Confidentiality: A Slippery Slope
Does the conversation that occurs between a mentor and mentee necessarily remain confidential during a time when the mentee is being considered for a career move? Or, when a leadership team sits to talk about whether to move someone who has been a mentee, can the mentor add to the conversation from his or her experience with the mentee? Or, is the conversation between the mentor and the mentee always strictly confidential? Do you have any guidelines on this question?
Yes, we do.
Organizations should address the thorny issue of confidentiality when formulating mentoring program guidelines. One would anticipate that suitability for a mentee’s promotion might be discussed at some point, especially in the case of a high potential mentoring program.

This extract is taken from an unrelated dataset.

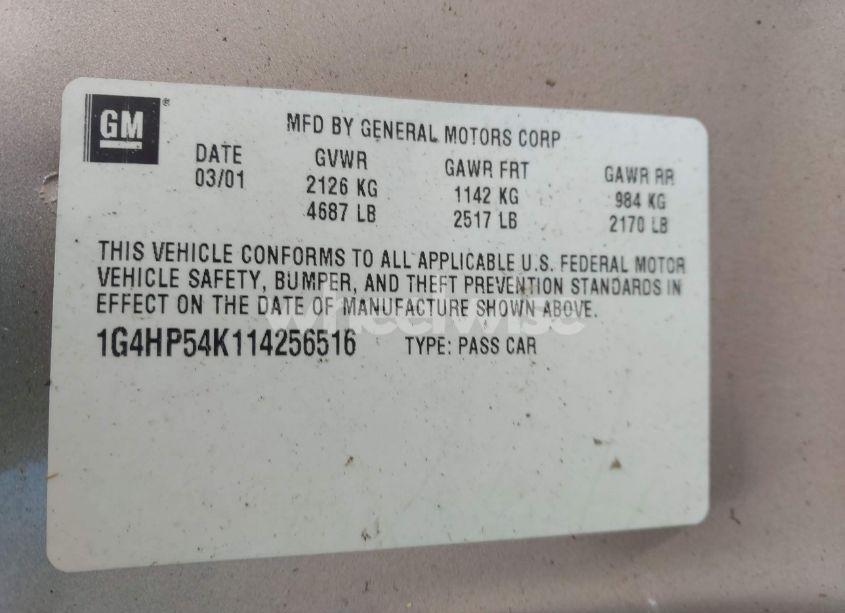 Photo 9 of 2001 Buick Lesabre CUSTOM (VIN 1G4HP54K114256516)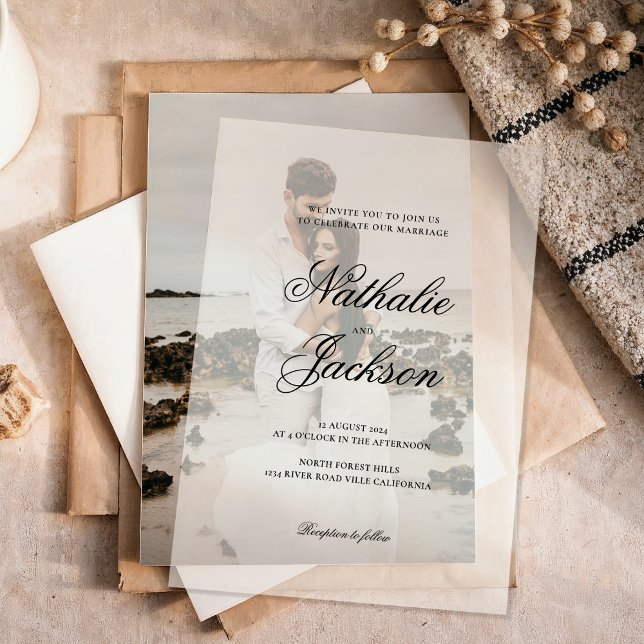 Invitations En Vélin Mariage Photo Script Élégant Classique (Créateur téléchargé)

Mentors need to know how to navigate this slippery slope. The role of the mentor relative to mentee promotion (clarification, qualification and expectations) should be clearly spelled out to avoid a midstream collapse of confidentiality when under pressure during a promotion discussion.
So, setting up agreements early on about confidentiality would certainly address your scenario. However, there is another aspect to consider. Confidentiality between mentor and mentee is an assumption until the topic is openly discussed. Mentoring partners need to hold a robust conversation about it, share their assumptions about confidentiality and come to a mutual agreement. Programmatic guidelines, if they exist, should be reviewed during this conversation.
Advocacy is one of the most valuable contributions that mentors can make in supporting their mentees. By mutual agreement, mentors should be able to share positive aspects of their mentee’s leadership growth and readiness. A mentor’s participation in a promotion conversation is not a performance review – that is the supervisor’s role. Mentors who have experienced disappointment in their mentoring relationship and performance should limit input to the individual’s role as mentee, not in the employee role. The mentor might say, “Carol and I weren’t able to meet as frequently as we had hoped. She didn’t complete the project we had begun work on during our mentoring relationship, so I am not able to offer a reliable picture of how Carol might lead the new project team.” What would constitute a breach of the relationship might be, “Carol was completely disorganized and unprofessional about how she approached her project and I don’t see that she has the skills sets you are looking for.”
We strongly recommend an up-front agreement about confidentiality when promotion discussions are on the table. While a mentor might comment about a mentee (“I’ve seen a lot of growth in Mary over the past year”), the confidentiality of the mentor/mentee conversation needs to be honored. It can be a slippery slope.